(DATASET begins)

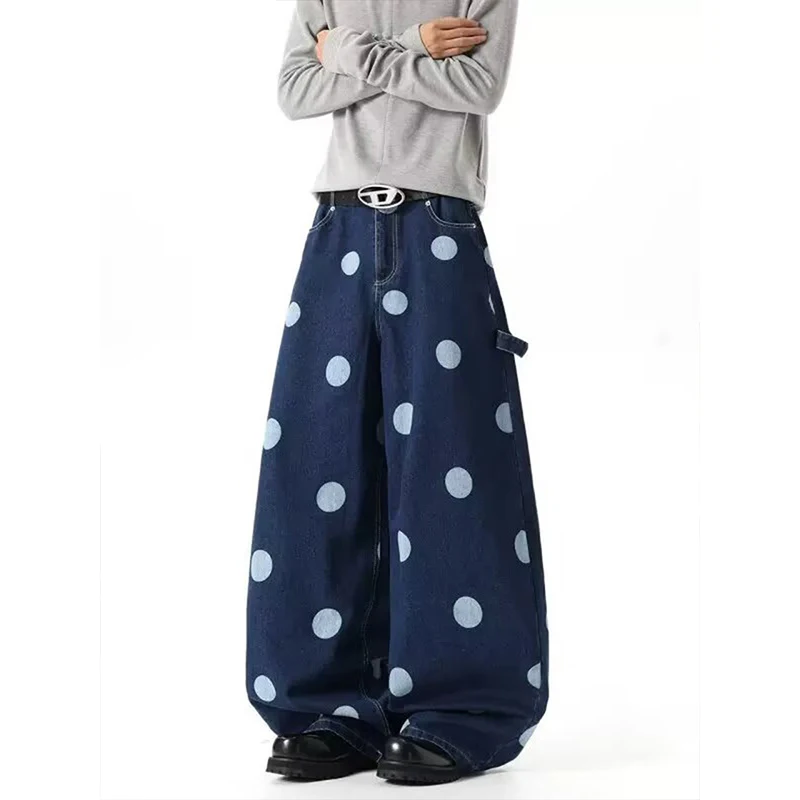 Fashion  Man's Wide Leg Denim Pants Low Waist Dots Print Baggy Jeans Loose Fit Trousers Daily Casual Street Trousers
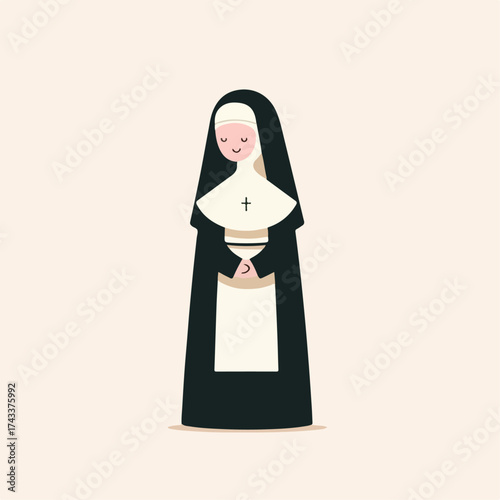 flat illustration of a nun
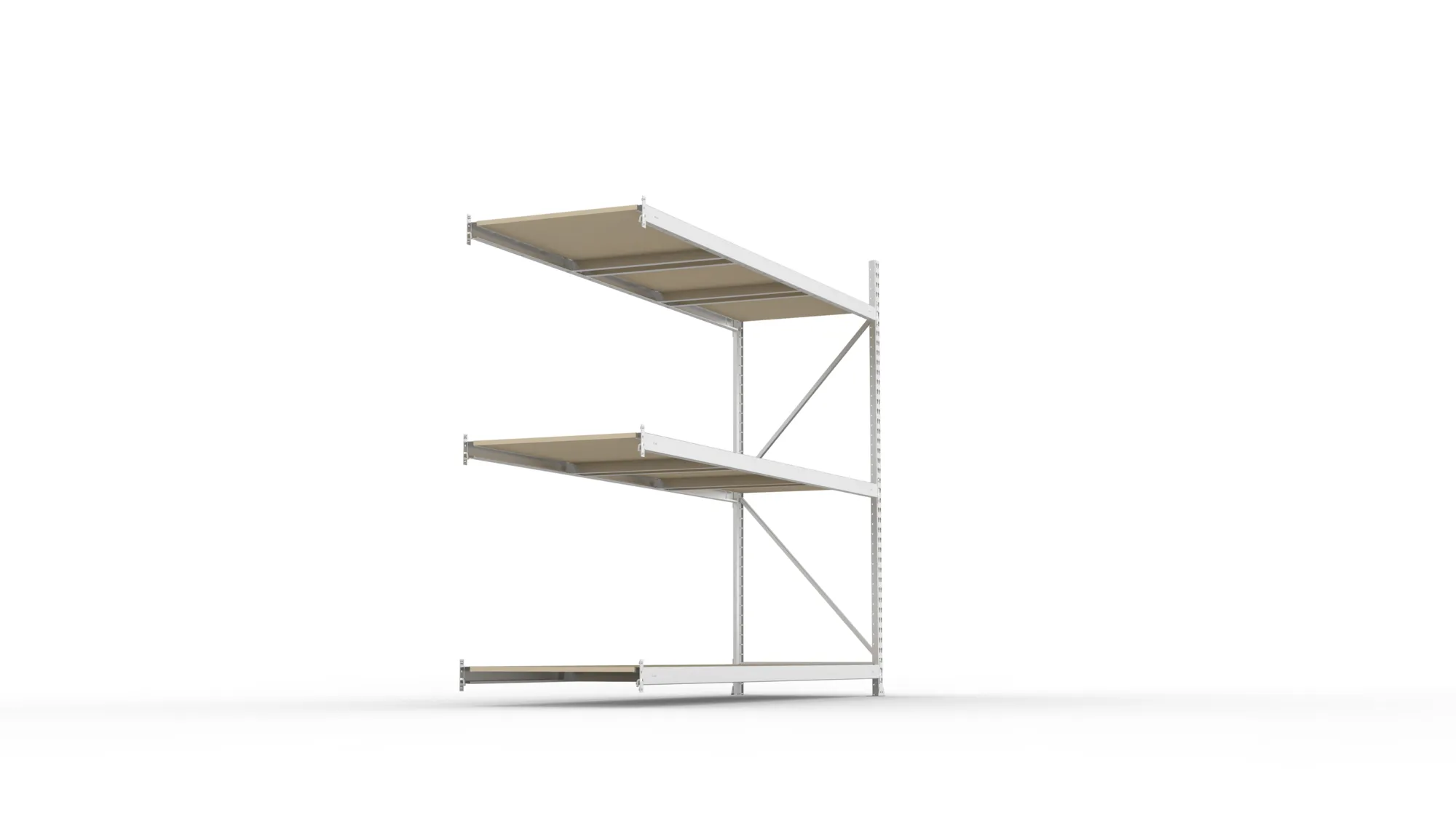 META MINI-RACK Weitspannregal | Anbauregal | 2200 x 2600 x 800 mm | Fachlast 490 kg | Spanplattenböden | 3 Ebenen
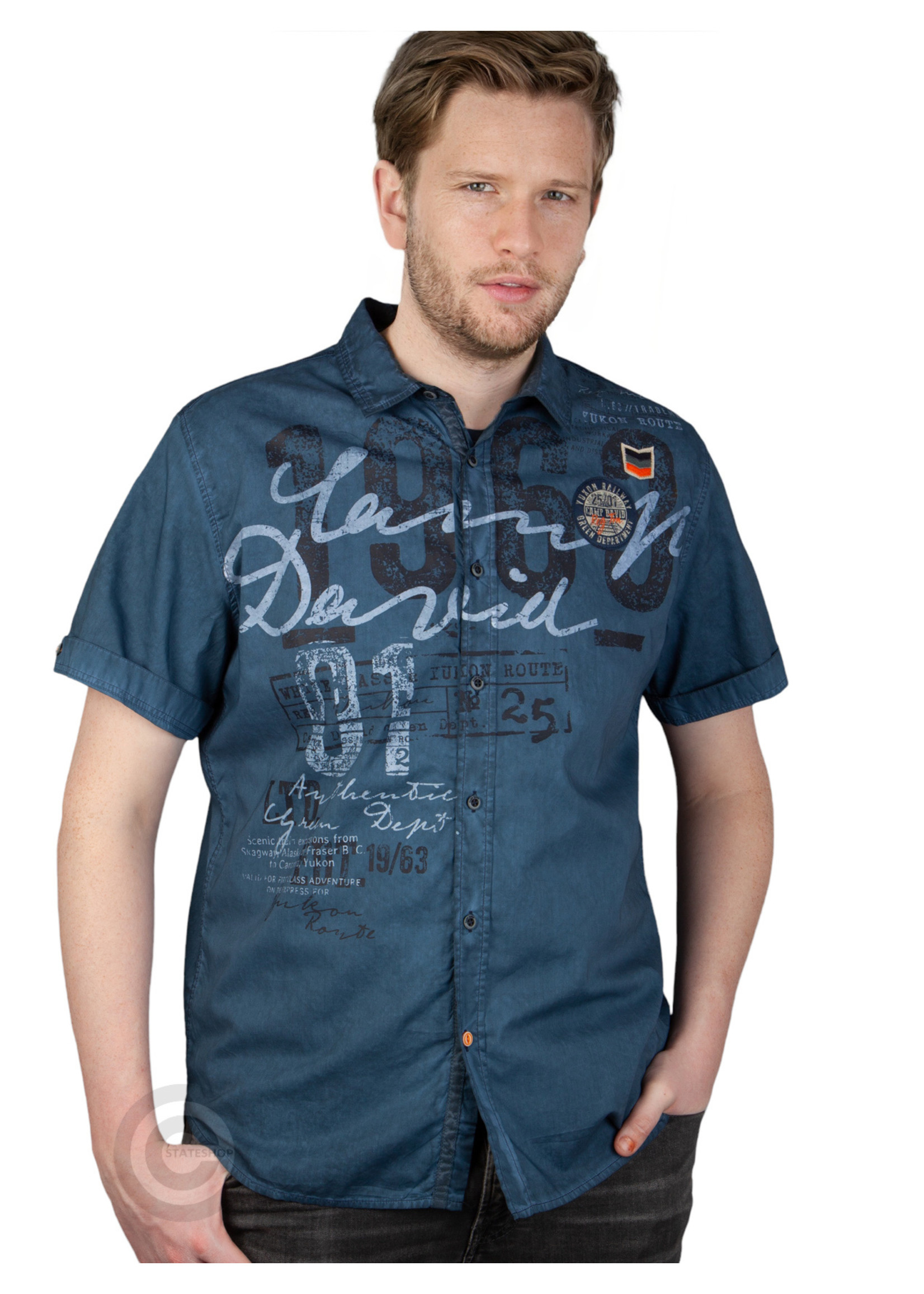 Camp David  Camp David ® shirt met korte mouwen met used-look en labelprint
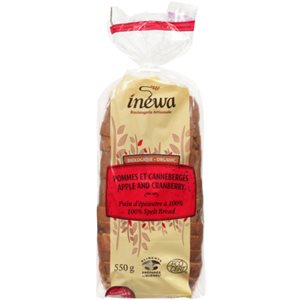 Inéwa Artisanale Pain d'épeautre à 100% Pommes et Canneberges Biologique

(DATASET ends)

[EXERCISE DIRECTIONS] Above are the records; transcribe them exactly without the pictures.

[WRITTEN REPLY]
 Fashion  Man's Wide Leg Denim Pants Low Waist Dots Print Baggy Jeans Loose Fit Trousers Daily Casual Street Trousers
 flat illustration of a nun
 META MINI-RACK Weitspannregal | Anbauregal | 2200 x 2600 x 800 mm | Fachlast 490 kg | Spanplattenböden | 3 Ebenen
 Camp David  Camp David ® shirt met korte mouwen met used-look en labelprint
 Inéwa Artisanale Pain d'épeautre à 100% Pommes et Canneberges Biologique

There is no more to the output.